Migrations- und Asylpolitik der Bundesregierung und der EU verstößt gegen Recht auf Gesundheit

Menschenrechtstribunal in Berlin

26.10.2020 Die gegenwärtige Migrations- und Asylpolitik der Bundesrepublik Deutschland und der EU verletzt das Recht auf Gesundheit und physische und psychische Integrität von Migrant*innen und Geflüchteten schwerwiegend. Das ist das Ergebnis des Menschenrechtstribunals, das ein Bündnis zivilgesellschaftlicher Organisationen am Wochenende in Berlin veranstaltet hat. „Die Berichte von Geflüchteten und ihren Unterstützer*innen zeichnen ein erschreckendes Bild der deutschen und europäischen Migrationspolitik,“ resümiert die Jurorin Sarah Lincoln. „Viele Geflüchtete sind krank und brauchen besonderen Schutz. Stattdessen werden sie wie Menschen zweiter Klasse behandelt, ohne Privatsphäre, ohne Zugang zu angemessener Gesundheitsversorgung, ohne Verfahrensrechte.“

Anhand von sechs Anklagepunkten beleuchtete das Tribunal die menschenrechtliche Lage von Asylsuchenden, Illegalisierten sowie Arbeitnehmer*innen aus EU- und Nicht-EU-Ländern. Neben der Diskriminierung durch Angehörige der Gesundheitsberufe und Sprachbarrieren, existierten auch gesetzliche Bestimmungen, die den Zugang behindern. Zeug*innen aus den Geflüchtetenlagern auf Lesbos schilderten eindrücklich die katastrophale Situation vor Ort. Laut der Ärztin Dr. Jessica Horst stellen die ungesunden Lebensbedingungen, der eingeschränkte Zugang zu medizinischer Versorgung und die nicht standardisierte medizinische Versorgung eine ernsthafte Bedrohung für die Gesundheit seiner Bewohner*innen dar.

Kritisiert wurde zudem, dass Abschiebungen schwerwiegende Folgen für die Gesundheit haben können.

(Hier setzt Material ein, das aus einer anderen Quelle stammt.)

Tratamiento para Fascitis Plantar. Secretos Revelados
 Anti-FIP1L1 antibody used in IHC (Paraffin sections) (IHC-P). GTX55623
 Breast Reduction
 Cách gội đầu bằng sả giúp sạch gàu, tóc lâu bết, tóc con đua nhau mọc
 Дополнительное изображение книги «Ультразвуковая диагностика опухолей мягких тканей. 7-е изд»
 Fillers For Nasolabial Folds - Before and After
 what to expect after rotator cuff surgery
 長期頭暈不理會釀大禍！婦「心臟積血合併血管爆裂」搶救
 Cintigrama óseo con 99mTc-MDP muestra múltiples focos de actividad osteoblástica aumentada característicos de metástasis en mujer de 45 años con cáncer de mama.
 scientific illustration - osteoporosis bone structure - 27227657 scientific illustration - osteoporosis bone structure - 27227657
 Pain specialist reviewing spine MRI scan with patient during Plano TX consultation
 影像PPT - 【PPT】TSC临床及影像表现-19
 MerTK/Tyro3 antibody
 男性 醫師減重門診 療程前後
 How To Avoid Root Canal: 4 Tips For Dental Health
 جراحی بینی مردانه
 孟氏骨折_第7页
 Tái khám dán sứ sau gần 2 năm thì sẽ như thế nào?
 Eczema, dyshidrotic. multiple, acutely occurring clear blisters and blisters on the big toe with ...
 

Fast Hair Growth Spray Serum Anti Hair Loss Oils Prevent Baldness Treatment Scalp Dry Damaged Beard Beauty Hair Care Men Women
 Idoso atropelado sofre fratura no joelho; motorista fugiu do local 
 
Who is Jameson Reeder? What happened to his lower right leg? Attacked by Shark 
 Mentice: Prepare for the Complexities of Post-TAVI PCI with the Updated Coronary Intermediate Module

Eine Abschiebung in ein Herkunfts- oder Transitland sei grundsätzlich ein staatlich verordneter, vollzogener und legitimierter Gewaltakt. Im Rahmen der weiteren Verschärfungen des Asyl- und Aufenthaltsrechts würden die Bedürfnisse und Rechte besonders schutzbedürftiger Personen im Asylverfahren eklatant missachtet. Sie zielten darauf, die Abschiebung schwerkranker und traumatisierter Menschen zu erleichtern.

Die Covid-19-Pandemie habe die Rechtsverletzungen der Europäischen Union gegen Migrant*innen und Asylsuchende noch verstärkt – so die Veranstalter. Die deutsche Polizei und Bundeswehr seien an Praktiken beteiligt, die gegen internationales Recht, die Genfer Konvention und geltendes EU-Recht verstoßen. Fast täglich fänden sogenannte „Push-backs“ vor der Küste von Lesbos statt wie zum Beispiel am 15. August 2020. Ein Beiboot mit schätzungsweise 32 Migrant*innen an Bord wurde von verschiedenen Schiffen acht Stunden lang auf See hin und her geschoben – darunter auch das deutsche Marineschiff A1411. Am Nachmittag wurde das Boot von der türkischen Küstenwache in die Türkei zurückgebracht. „Statt Mauern und Grenzen zu errichten, sollten wir ernst gemeinte Solidarität und Respekt an den Menschenrechten zeigen“, fordert Muhammed al-Kashef, Menschenrechtsaktivist von WatchTheMed-Alarm Phone.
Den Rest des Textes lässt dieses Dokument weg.